CSS · · 7 min read

Scroll-Driven Animations Without a Single Line of JavaScript

The Scroll-Driven Animations spec lets you tie CSS animations to scroll position or element visibility — and it runs off the main thread.

Every scroll effect I've built — reading progress bars, sticky nav transitions, fade-in-on-scroll cards — has needed JavaScript. Either a scroll event listener on window (which runs on the main thread and can cause jank), or an IntersectionObserver (better, but still wiring up callbacks, managing thresholds, and imperatively setting classes).

The Scroll-Driven Animations spec, now available in Chromium/Edge browsers and shipping to others, changes the model entirely. You define the animation in CSS. You tie it to a scroll timeline in CSS. The browser handles the rest — off the main thread.

The two timeline types

There are two kinds of scroll timelines:

  • scroll() — ties animation progress to the scroll position of a scrolling container. As you scroll down the page, the animation plays forward.
  • view() — ties animation progress to how much of an element is visible in the viewport. The animation plays as the element enters and/or exits view.

Example 1: Reading progress bar

This is the classic use case. A thin bar at the top of the page that fills as you scroll. With JavaScript, you'd listen to scroll events and update a width or transform. With Scroll-Driven Animations:

@keyframes progress {
  from { transform: scaleX(0); }
  to   { transform: scaleX(1); }
}

.progress-bar {
  position: fixed;
  top: 0;
  left: 0;
  width: 100%;
  height: 3px;
  background: oklch(0.7 0.2 220);
  transform-origin: left;

  animation: progress linear;
  animation-timeline: scroll();
}

That's it. No JavaScript. The animation-timeline: scroll() declaration tells the browser to use the scroll position of the nearest scrolling ancestor as the animation timeline. The browser maps scroll progress (0% to 100%) directly to animation progress (from → to).
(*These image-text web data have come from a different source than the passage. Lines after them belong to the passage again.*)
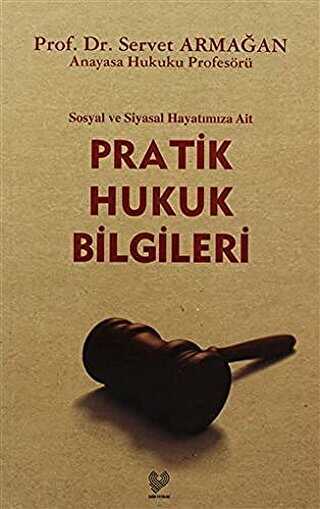 Pratik Hukuk Bilgileri - Çağrı Yayınları
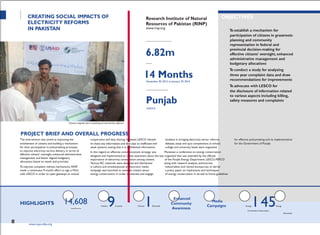 PROJECTTITLE
PARTNERORGANIZATION
Steering Increase in
%
CREATING SOCIAL IMPACTS OF
ELECTRICITY REFORMS
IN PAKISTAN
Research Institute of Natural
Resources of Pakistan (RINP)
www.rinp.org
ALLOCATED FUNDS (IN PKR)
6.82m
DURATION
14 MonthsNovember 30, 2012 to January 29, 2014
GEOGRAPHICAL AREA
Punjab
Lahore
OBJECTIVES
To establish a mechanism for
participation of citizens in grassroots
planning and community
representation in federal and
provincial decision-making for
effective citizens' oversight, enhanced
administrative management and
budgetary allocations
To conduct a study for analyzing
three year complaint data and draw
recommendations for improvements
To advocate with LESCO for
the disclosure of information related
to various aspects including billing,
safety measures and complaints
Citizens register for a meeting on electricity reforms
PROJECT BRIEF AND OVERALL PROGRESS
The intervention was aimed at improving the cooperation and data sharing. However, LESCO refused students in bringing electricity sector reforms, for effective policymaking and its implementation
involvement of citizens and building a mechanism debates, essay and quiz competitions at school, for the Government of Punjab.
for their participation in policymaking processes weak systems, stating that it is confidential information. college and university levels were organized.
to improve electricity service delivery in terms of
effective citizens' oversight, enhanced administrative
management and better aligned budgetary
allocations based on needs and priorities.
In this regard, an effective communications strategy was Moreover, a conference on energy conservation
designed and implemented to create awareness about the was organized that was attended by the officials
importance of electricity conservation among citizens. of the Punjab Energy Department, LESCO, PEPCO
Various IEC materials were designed and distributed along with research analysts, technocrats,
To improve complaint redress mechanisms, RINP in Lahore and simultaneously an electronic media industrialists and retired bureaucrats to derive
made a continuous 9-month effort to sign a MoU campaign was launched to sensitize citizens about a policy paper on implications and techniques
with LESCO in order to open gateways to mutual energy conservation. In order to educate and engage of energy conservation. It served to frame guidelines
HIGHLIGHTS 14,608 Citizens9Councils Charter1Demands
Enhanced
Community
Awareness
Media
Campaigns Energy145Energy
Committee Conservation
Awareness
22 www.cvpa-tdea.org
 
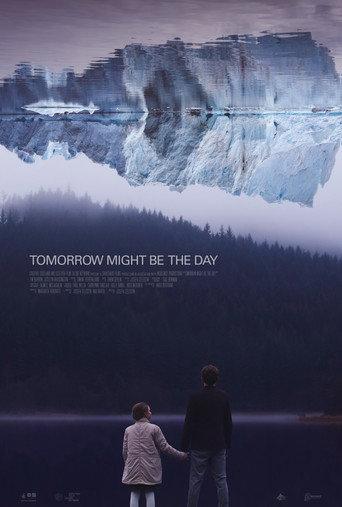 Tomorrow Might Be The Day (2018) poster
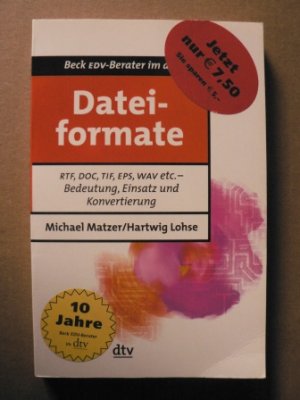 Dateiformate von A - Z  rtf, doc, eps, tif etc.-  Bedeutung, Einsatz und Konvertierung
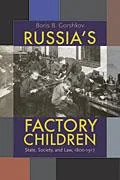 Russia's Factory Children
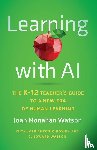 Watson, Joan Monahan - Learning with AI
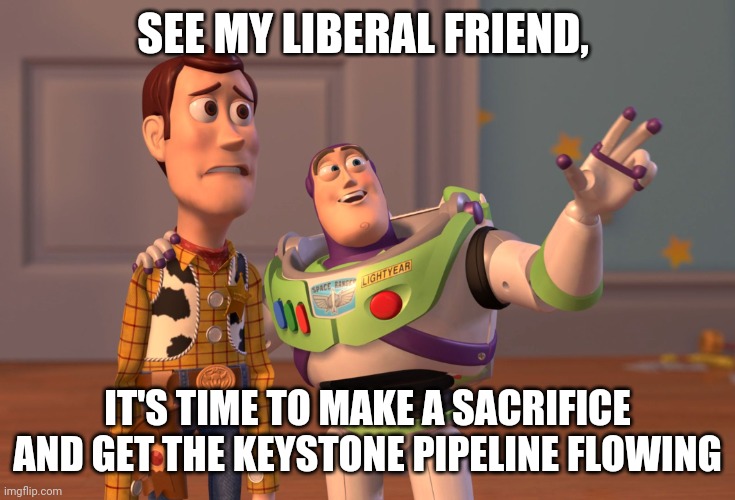 Sacrifice | SEE MY LIBERAL FRIEND, IT'S TIME TO MAKE A SACRIFICE AND GET THE KEYSTONE PIPELINE FLOWING | image tagged in memes,x x everywhere | made w/ Imgflip meme maker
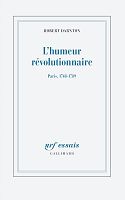 Robert Darnton : l'humeur révolutionnaire à Paris au XVIIIe siècle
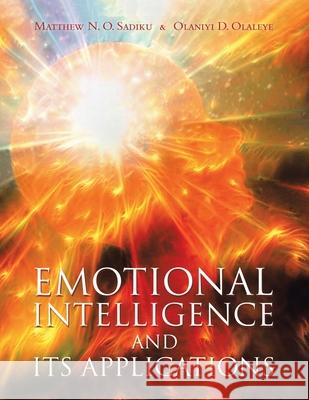 Emotional Intelligence and Its Applications Matthew N O Sadiku, Olaniyi D Olaleye 9781665508995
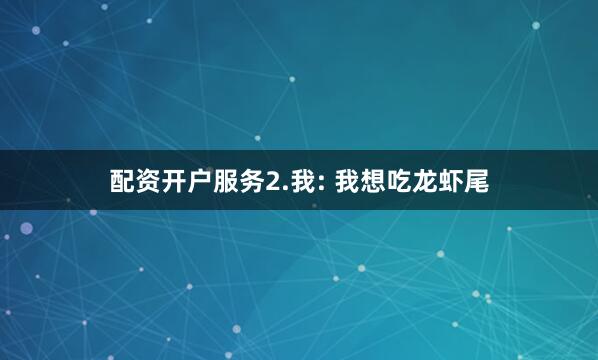 配资开户服务2.我: 我想吃龙虾尾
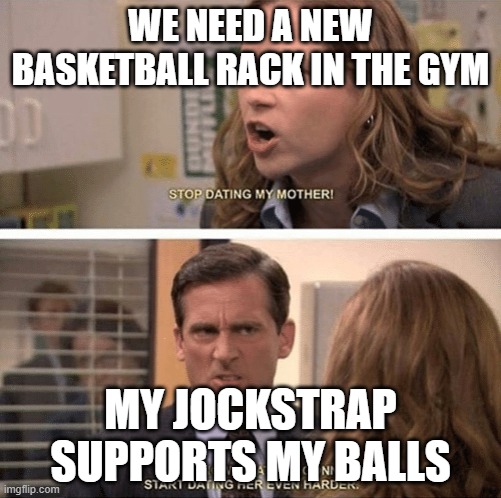 The office start dating her even harder | WE NEED A NEW BASKETBALL RACK IN THE GYM; MY JOCKSTRAP SUPPORTS MY BALLS | image tagged in the office start dating her even harder | made w/ Imgflip meme maker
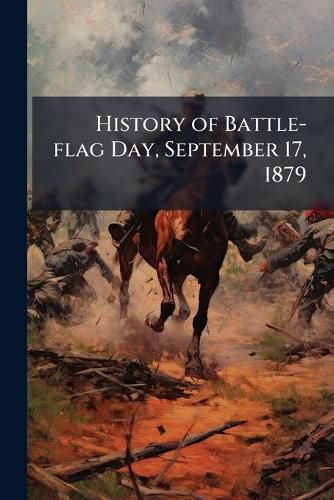 Cover image for History of Battle-flag Day, September 17, 1879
Example 2: Element fade-in on scroll

The other common pattern: a card or section that fades in as it enters the viewport. This is where view() comes in.

@keyframes fade-up {
  from {
    opacity: 0;
    transform: translateY(1.5rem);
  }
  to {
    opacity: 1;
    transform: translateY(0);
  }
}

.card {
  animation: fade-up linear both;
  animation-timeline: view();
  animation-range: entry 0% entry 30%;
}

animation-range: entry 0% entry 30% tells the browser to play the animation during the first 30% of the element's entry into the viewport. Once 30% of the way in, the animation is at its "to" state and stays there. The element reveals itself as it scrolls into view — exactly what you'd have used IntersectionObserver for.

The animation-fill-mode equivalent here is the both keyword in the animation shorthand. It keeps the element at the "from" state before it enters the viewport, and at the "to" state after the animation completes.

The performance story

This is the part I find most interesting. Scroll-Driven Animations run on the compositor thread, not the main thread. Traditional scroll event listeners run on the main thread — which means if your JavaScript is busy doing something else, scroll-driven effects can stutter.

IntersectionObserver helps, but it still fires callbacks on the main thread and you still have to imperatively update classes or styles. The browser can't predict what you're going to do in the callback, so it can't optimize it.

With Scroll-Driven Animations, the browser knows the entire motion upfront — it's all declared in CSS. The compositor can handle it independently of whatever JavaScript is doing on the main thread. The result is scroll effects that don't jank, even on pages with expensive JavaScript.

Browser support

As of early 2026, Scroll-Driven Animations are fully supported in Chrome 115+, Edge 115+, and Opera. Firefox is behind a flag (dom.animations-api.scroll-driven.enabled). Safari support is in development.

The graceful degradation here is that elements simply don't animate — they appear at their final state immediately. That's acceptable for most uses. For anything where the animation is essential to understanding the UI, add a @supports check.


I keep expecting a catch with this API. There isn't really one — it does what it says, it performs better than the alternatives, and the CSS is actually readable. Features like this one make me feel like the platform is genuinely moving in a good direction. Building things that felt like they needed a library a few years ago now just... don't.